Commission Report Validates a National Movement to Teach “the Whole Child,” with Nearly 100 Organizations Signing on in Support

Contact: Angela Landers
202 813-4901

Washington, D.C., January 15, 2019 — Thirty-five years after “A Nation At Risk” painted a bleak picture of our nation’s education system, a report released today by the Aspen Institute National Commission on Social, Emotional, and Academic Development asserts that our nation is at a turning point: We now understand that social, emotional, and cognitive development underpin children’s academic learning. This breakthrough understanding about how people learn is fueling a growing movement to educate children as whole people, with social and emotional as well as academic needs.

“From a Nation at Risk to a Nation at Hope” emphasizes that translating this knowledge about how people learn into practice and helping students develop skills like collaboration, empathy, and perseverance requires systemic change. It offers specific actions to fundamentally shift how we teach children, with the understanding that the social, emotional, and cognitive dimensions of learning are mutually reinforcing rather than distinct.

“Integrating social, emotional, and academic learning is the bedrock of an excellent education,” said Linda Darling-Hammond, co-chair of the National Commission and president of the Learning Policy Institute. “This report offers a blueprint for everyone from educators to families to policymakers for building schools and communities that truly reflect what we know about learning.”

Drawing on input from more than 200 scientists, youth and parent groups, educators, and policymakers, the report seeks to accelerate and strengthen efforts in local communities through the following six broad recommendations:

• Set a clear vision that broadens the definition of student success to prioritize the whole child.
• Transform learning settings so they are safe and supportive for all young people.
• Change instruction to teach students social, emotional, and cognitive skills; embed these skills in academics and school-wide practices.
• Build adult expertise in child development.
• Align resources and leverage partners in the community to address the whole child.
• Forge closer connections between research and practice to generate useful, actionable information for educators.

These recommendations are especially pertinent now, as states and communities leverage their increased authority on education policy under the Every Student Succeeds Act. With increased local control, parents, teachers, and school leaders are well positioned to create the conditions for schools and local communities to educate the whole child. The report includes specific strategies that schools, districts, and communities can pursue related to each recommendation and examples of places that are engaged in these efforts.

“Many parents worry about their children’s happiness, well-being, and achievement.
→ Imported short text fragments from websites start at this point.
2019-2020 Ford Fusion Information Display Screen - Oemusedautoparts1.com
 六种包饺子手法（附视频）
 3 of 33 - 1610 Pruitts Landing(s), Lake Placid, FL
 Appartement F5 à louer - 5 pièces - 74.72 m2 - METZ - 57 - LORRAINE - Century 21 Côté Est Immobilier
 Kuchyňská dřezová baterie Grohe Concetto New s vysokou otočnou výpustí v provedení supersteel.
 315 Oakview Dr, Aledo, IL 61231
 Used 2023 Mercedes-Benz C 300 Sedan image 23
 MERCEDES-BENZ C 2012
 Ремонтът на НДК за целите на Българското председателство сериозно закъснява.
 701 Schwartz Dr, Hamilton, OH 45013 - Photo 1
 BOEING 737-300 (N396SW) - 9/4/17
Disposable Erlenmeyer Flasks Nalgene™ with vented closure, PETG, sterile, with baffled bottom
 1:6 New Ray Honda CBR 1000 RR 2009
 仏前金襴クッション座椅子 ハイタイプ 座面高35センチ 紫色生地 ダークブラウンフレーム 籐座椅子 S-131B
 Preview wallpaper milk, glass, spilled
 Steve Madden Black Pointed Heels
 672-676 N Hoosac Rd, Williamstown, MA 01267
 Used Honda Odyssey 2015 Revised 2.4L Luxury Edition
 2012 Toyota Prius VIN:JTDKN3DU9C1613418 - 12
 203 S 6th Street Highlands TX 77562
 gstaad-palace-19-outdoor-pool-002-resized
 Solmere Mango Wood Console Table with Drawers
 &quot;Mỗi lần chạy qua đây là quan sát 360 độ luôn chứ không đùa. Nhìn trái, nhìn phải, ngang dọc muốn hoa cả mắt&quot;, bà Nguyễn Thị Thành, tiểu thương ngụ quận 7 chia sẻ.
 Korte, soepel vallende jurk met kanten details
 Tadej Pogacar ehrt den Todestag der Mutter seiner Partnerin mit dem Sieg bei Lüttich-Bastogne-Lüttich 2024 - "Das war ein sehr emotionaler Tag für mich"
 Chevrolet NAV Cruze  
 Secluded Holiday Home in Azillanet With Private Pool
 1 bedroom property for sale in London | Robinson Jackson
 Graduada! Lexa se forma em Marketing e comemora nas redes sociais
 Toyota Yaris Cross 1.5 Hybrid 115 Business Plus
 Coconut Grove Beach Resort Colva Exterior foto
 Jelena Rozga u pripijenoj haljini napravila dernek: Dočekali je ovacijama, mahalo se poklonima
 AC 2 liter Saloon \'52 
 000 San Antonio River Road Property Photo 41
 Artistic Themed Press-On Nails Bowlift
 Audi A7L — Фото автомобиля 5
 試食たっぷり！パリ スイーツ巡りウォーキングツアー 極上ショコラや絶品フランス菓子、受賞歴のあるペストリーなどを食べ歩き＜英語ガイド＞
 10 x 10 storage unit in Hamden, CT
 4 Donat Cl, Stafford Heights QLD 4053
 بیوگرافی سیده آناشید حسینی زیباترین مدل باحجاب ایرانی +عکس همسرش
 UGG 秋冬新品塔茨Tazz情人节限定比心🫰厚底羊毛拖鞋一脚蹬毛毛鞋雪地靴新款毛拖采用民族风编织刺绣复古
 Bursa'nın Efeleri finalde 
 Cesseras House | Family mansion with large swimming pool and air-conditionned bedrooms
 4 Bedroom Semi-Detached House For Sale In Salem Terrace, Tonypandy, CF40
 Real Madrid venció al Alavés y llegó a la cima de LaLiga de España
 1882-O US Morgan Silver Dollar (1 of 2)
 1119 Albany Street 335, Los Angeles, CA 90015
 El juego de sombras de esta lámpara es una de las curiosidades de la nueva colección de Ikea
This report makes it clear that now is the moment when we can—and should—promote all of these dimensions at once and equip kids with an array of skills they need to succeed,” said Timothy Shriver, co-chair of the National Commission and chairman of the Special Olympics. “Given the stressors that many young people are dealing with—especially low-income children who are more likely to face hardships like homelessness and violence—it’s increasingly critical that we ensure students are surrounded by caring adults and a school environment that gives them a sense of purpose, belonging, and inspiration.”

The report also outlines evidence that confirms that supporting students’ social, emotional, and academic development has a positive impact on their attendance, test scores, success in college and careers, and overall well-being. It also improves students’ feelings about school and makes schools safer. While a recent survey of high school students across the nation showed that they do not believe they are being sufficiently taught social and emotional skills in school, students, parents, educators, and the business community agree that these skills are vital to success.

“Our nation’s economy and the nature of work are changing, and businesses today need employees who can work well with others, express their ideas clearly, and persevere when they face challenges,” said Jorge L. Benitez, cochair of the National Commission and former CEO of Accenture North America. “An approach to education that instills these skills in our young people is crucial to preparing them for success later in life, and this report makes the case for why and how businesses and others must change and better support this approach.”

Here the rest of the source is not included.